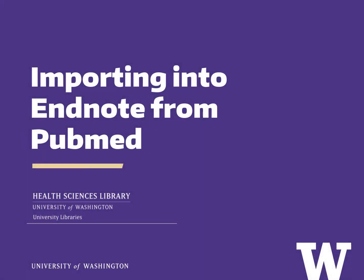This tutorial is brought to you by the University of Washington's Health Sciences Library. There are multiple ways to import into EndNote from PubMed. Here, I'll be showing you a couple of the easiest methods.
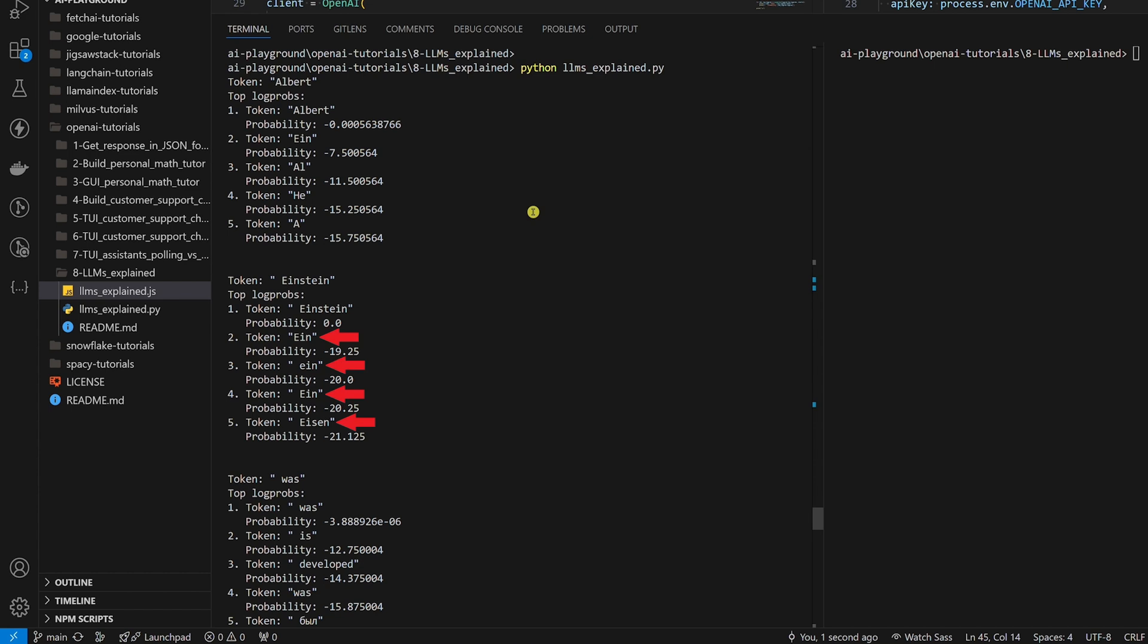All other tokens the LLM considered as the second token had the log probability further from zero, telling the LLM that it is less likely that the token is a good choice. This process continues until the response is completed.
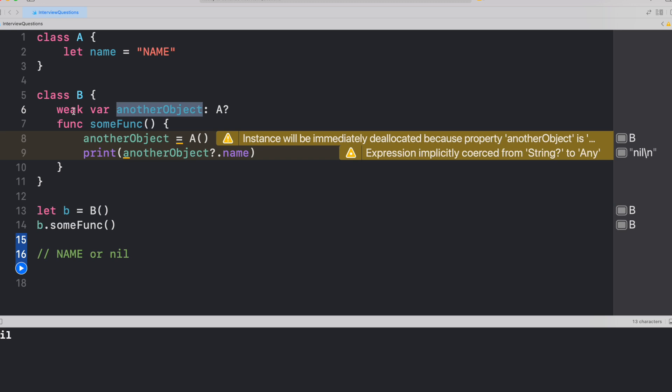So here on line number eight, when we assign the object A to anotherObject, it would get instantiated but the very next moment, it would get deallocated, leaving it to nil and then of course, when we try to print nil.name, we would get nil as an output.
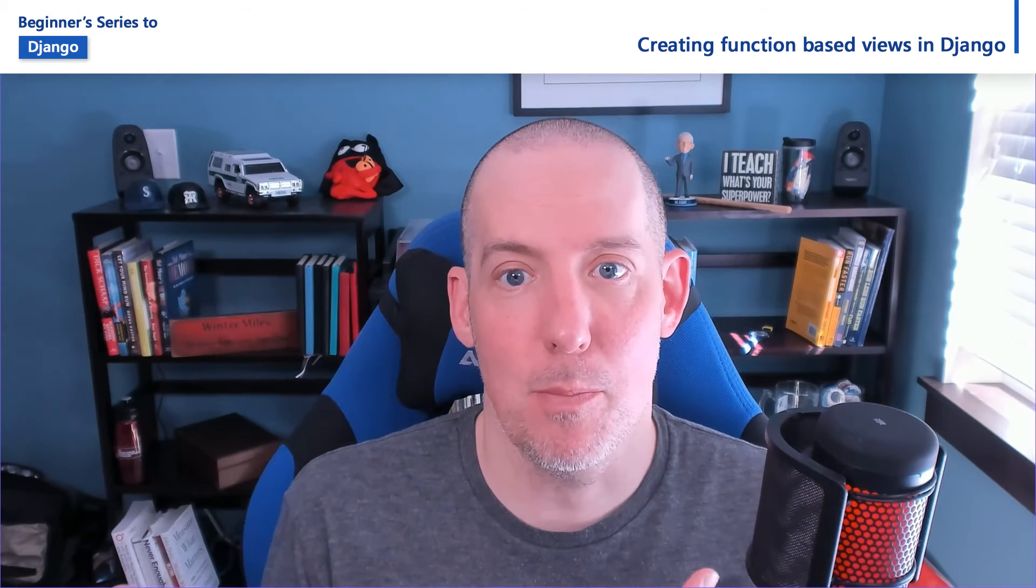Hi there. I'm Christopher Harrison. I'm a Senior Cloud Advocate inside of Microsoft Cloud and AI. What I want to start to explore in this video is the concept of views inside of Django.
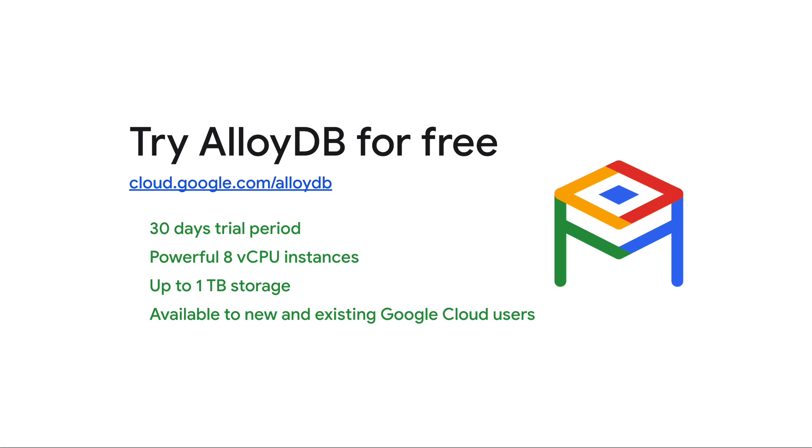You can upgrade your free trial cluster to a paid cluster at any time without any downtime and gain access to all of AlloyDB's features, including high availability instances with 4.9's availability and cross-region replication. Go ahead and create your AlloyDB free trial cluster today.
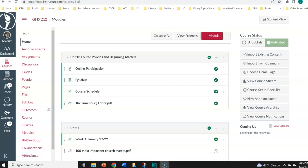Hello everybody. My name is Dr. John Wineland and I want to welcome you to Restoration History, History 212, GHS 212. I'm looking forward to getting to know you this semester. This course we're going to look at the history of the Restoration Movement. It's basically a movement of the church in the frontier area of the United States — a Protestant movement that begins in the 19th century with the Second Great Awakening.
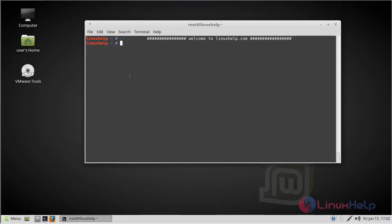Now let us see how to install gedit on Linux Mint 18 Main 3. First of all, we have to add the repository of gedit using PPA.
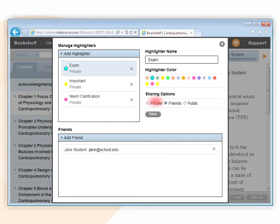By default, sharing for a highlighter is set to private and other users will not see it.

_WHAT IS BEING ASKED_
Look through the listing above for the line with "So here on line" and the line with "Hello everybody. My". Write out exactly those lines and everything between, leaving out pictures.

_RESPONSE BELOW_
So here on line number eight, when we assign the object A to anotherObject, it would get instantiated but the very next moment, it would get deallocated, leaving it to nil and then of course, when we try to print nil.name, we would get nil as an output.
Hi there. I'm Christopher Harrison. I'm a Senior Cloud Advocate inside of Microsoft Cloud and AI. What I want to start to explore in this video is the concept of views inside of Django.
You can upgrade your free trial cluster to a paid cluster at any time without any downtime and gain access to all of AlloyDB's features, including high availability instances with 4.9's availability and cross-region replication. Go ahead and create your AlloyDB free trial cluster today.
Hello everybody. My name is Dr. John Wineland and I want to welcome you to Restoration History, History 212, GHS 212. I'm looking forward to getting to know you this semester. This course we're going to look at the history of the Restoration Movement. It's basically a movement of the church in the frontier area of the United States — a Protestant movement that begins in the 19th century with the Second Great Awakening.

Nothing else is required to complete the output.